Nestlé's sale of its US ice-cream business to Froneri, a joint venture it shares with private-equity firm PAI Partners, could be interpreted as a stepping stone toward an exit from the category altogether, writes GlobalData.
Simon Harvey, Food Correspondent at GlobalData, has the following commentary:
“Nestlé is now left with few wholly-owned global assets in the ice-cream segment, namely those in Canada, Latin America and Asia, and they, too, could soon end up in the hands of Froneri.
Nestlé's presence in ice cream is dwarfed by its nearest competitor, Unilever, which holds almost twice the global market share of its peer.

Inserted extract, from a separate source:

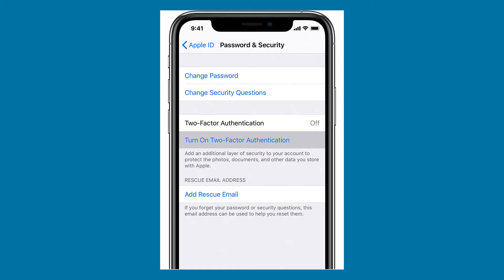You'll tap on Turn on Two-Factor Authentication, then tap Continue. Next, you're going to enter the phone number where you want to receive a verification code. You can choose to receive the code by text message or even an automated phone call. Then tap Next, and here's what the device will look like.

By effectively transferring ownership of US brands such as Dreyer's, Drumstick, Outshine and Skinny Cow to Froneri, the fast-moving consumer goods (FMCG) giant may have concluded its JV is better placed to serve the low-margin category and make up ground against its rival.
The sale of the US ice-cream assets also has to be seen in the wider context after Nestlé chief executive Mark Schneider previously voiced intentions to focus resources on high-growth, added-value segments and dispose of operations he deems to be ill-fitting and less profitable. After all, market watchers have questioned the viability of Nestlé remaining in the volatile frozen-food category as a whole for some time.
In addition, Nestlé had already trimmed its ice-cream portfolio in the summer by moving its business in Israel over to Froneri, joining operations in Europe, the Middle East, Argentina, Australia, Brazil, the Philippines and South Africa that were housed by the venture since it was formed in 2016 with PAI.
Should Nestlé choose to handover its ice-cream assets in Canada, Latin America and Asia to Froneri at some point in time, the question on everyone's lips might be will it also decide to move away from the category completely, with the sale of its venture stake? A lot may depend on what revenues and profits the enterprise continues to contribute to Nestlé's coffers."